If the local-off play is set, a check is performed to determine whether or not ACC is ON (step S49). When ACC is not ON, program control goes to step S42 and returns to the main routine.
If, at step S49, ACC is ON, a memory map for the automatic play data reading section 2 in the MIDI ON tone memory 7, i.e., the AUTOMODE map, is prepared for the tone data for the automatic play data reading section 2 (step S50). Program execution control then goes to step S48 for the MIDI output process (ON), then goes to step S42 and returns to the main routine.
At step S44, where the tone-OFF state is examined, the state of the automatic play data reading section 2 is examined to determine if it is OFF. When the state of the automatic play data reading section 2 is not OFF, i.e., tone production is not halted, program control goes to step S42 and returns to the main routine.
When the state of the automatic play data reading section 2 is currently OFF, i.e., the automatic play data reading section 2 is OFF and tone production is halted, program control goes to step S51 to check a local-off condition.
At this step, a check is performed to determine whether local-off play or local-on play has been set during the panel operation process. When local-off play is not set, a tone-on channel is assigned to tone data sent from the automatic play data reading section 2 in the channel assignment memory 4 (step S52), and tone production halt for that tone data is performed (step S53). Program execution control then advances to the next step for an MIDI output process (OFF) (step S54).
In the MIDI output process (OFF) at step S54, all the MIDI outputs that correspond to the tone data for which tone production is being performed are set to OFF. Program control then returns to the main routine (step S42).
If the local-off play is set, a check is performed to determine whether or not ACC is ON (step S55). When ACC is not ON, program control goes to step S42 and returns to the main routine.
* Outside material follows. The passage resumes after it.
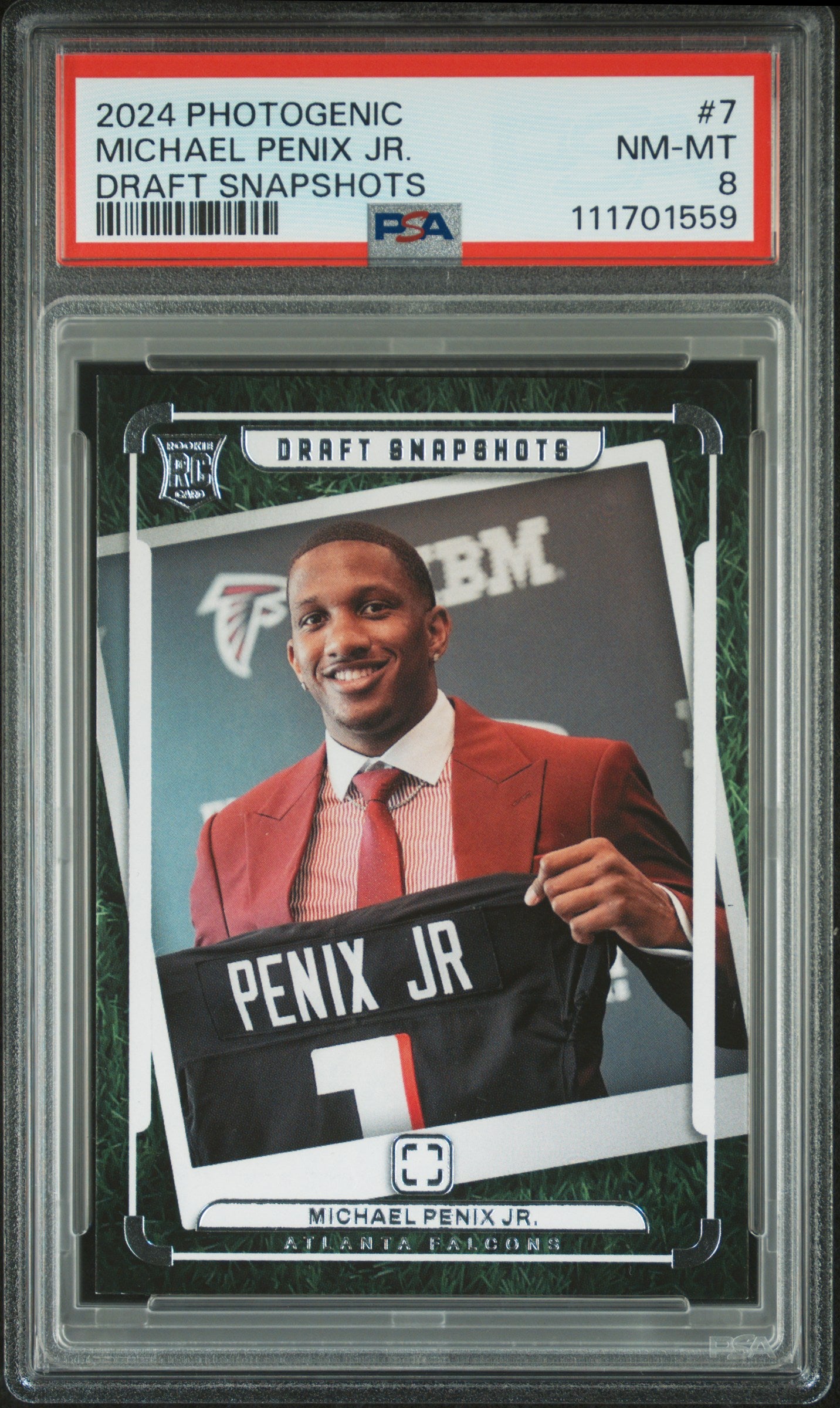 2024 Panini Photogenic Draft Snapshots #7 Michael Penix Jr. PSA 8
If, at step S55, ACC is ON, a memory map for the automatic play data reading section 2 in the MIDI ON tone memory 7, i.e., the AUTOMODE map, is prepared for the tone data for the automatic play data reading section 2 (step S56). Program execution control then goes to step S54 for the MIDI output process (OFF), and returns to the main routine (step S42).
As described above, in contrast to a conventional electronic musical instrument that incorporates automatic playing means to perform automatic playing by employing automatic play data, to externally output an MIDI signal for tone data that is generated by an automatic play data generator of the automatic playing means, an electronic musical instrument according to the present invention erases the registered tone data, which were generated by a keyboard tone generator or the automatic play data generator and which are currently employed for tone production, and selects and newly registers tone data that will be employed for tone production. These requisite processes are required to be performed concurrently with mode selection, for activation of either the keyboard tone generator or the automatic play data generator, and mode/part selection, of a tone quality, a timbre, etc., by panel operation means. More specifically, regardless of the local-on playing or local-off playing state, an electronic musical instrument of the present invention can perform an assigner process, that is, a tone-on channel assignment process, to store the ON/OFF state of the tone data. Therefore, the local-off play function can be performed to independently output to an external device, as an MIDI signal, tone data that are produced by the automatic play data generator. Further, the electronic musical instrument can perform a local-off play function during which it does not employ tone data that it generates, which includes tone data generated by the automatic play data generator, to produce musical tones, but externally outputs such data as independent MIDI signals.
Although the preferred embodiment of the present invention and the claims particularly point out the subject matter regarded as the invention, various other modifications are contemplated as being within the scope of the invention.